[Regulation of ischemic muscle metabolism in peripheral arterial occlusive disease].

A review of metabolic pathways is presented, which are involved in muscular energy production during hypoxia according to recent experimental findings. By means of own exercise examinations the course of reactions providing ATP anaerobically in the muscles of limbs with poor circulation is analysed. Therefore, the arteriovenous differences in the concentrations of lactate, pyruvate, ammonia, hypoxanthine and alanine in the femoral blood of patients with stage II AOD were determined. In addition, the intracellular phosphorus compounds ATP, PCr and Pi as well as the tissue pH were measured noninvasively in the calf muscles using 31P magnetic resonance spectroscopy.
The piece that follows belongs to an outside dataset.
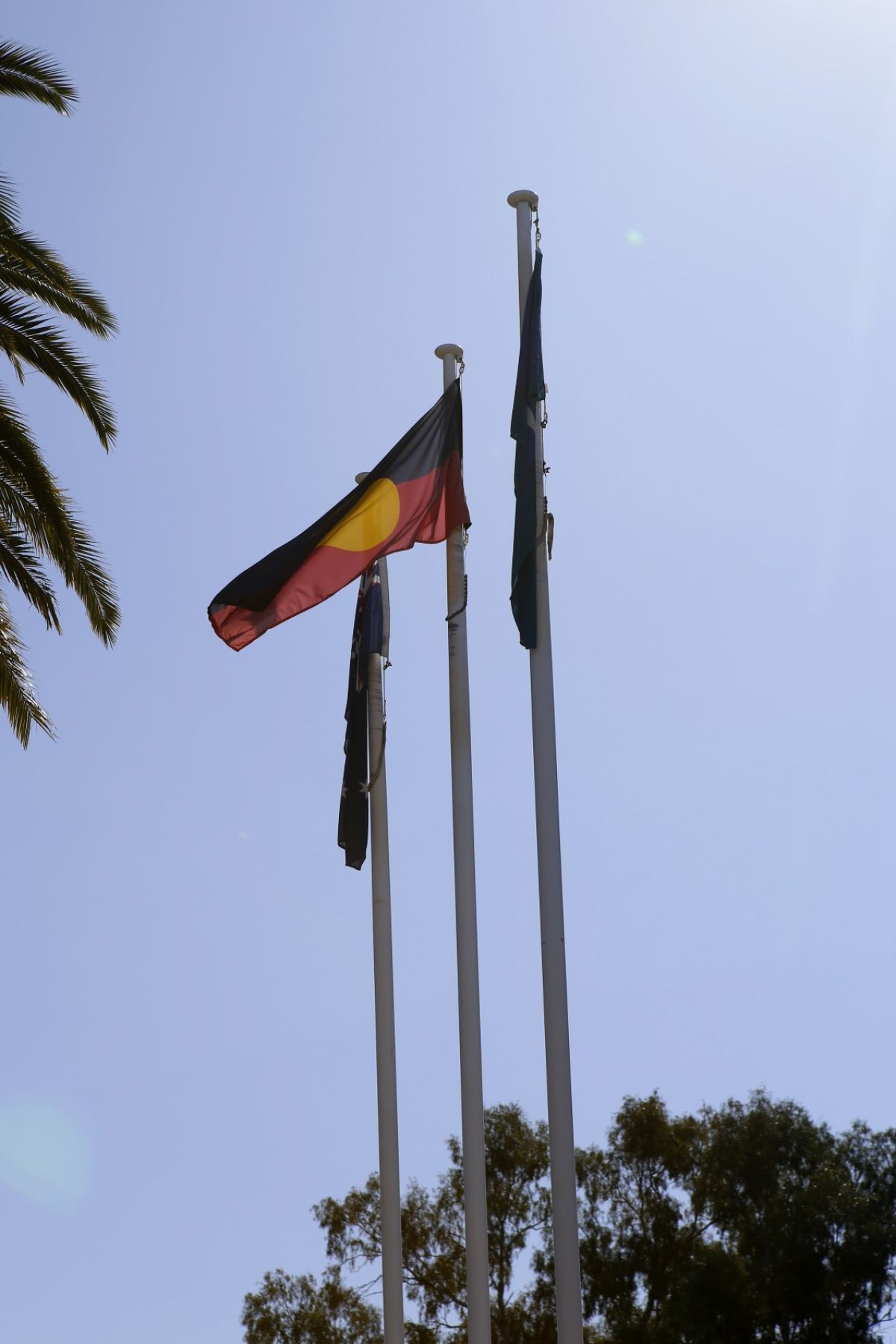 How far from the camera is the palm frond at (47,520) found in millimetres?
18578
The results give evidence for marked activation of the creatine kinase reaction, of glycolysis, of the myokinase reaction and of the purine nucleotide cycle in the ischaemic musculature at loads of short duration, which are in total sufficient to maintain the concentration of ATP even during claudication pain. In spite of salvage pathways like alanine formation, the end products of these "emergency reactions", Pi, H+ and NH4+, accumulate and exert deleterious cytotoxic effects, which are thought to be responsible for rapid muscle fatigue and claudication pain in PAOD.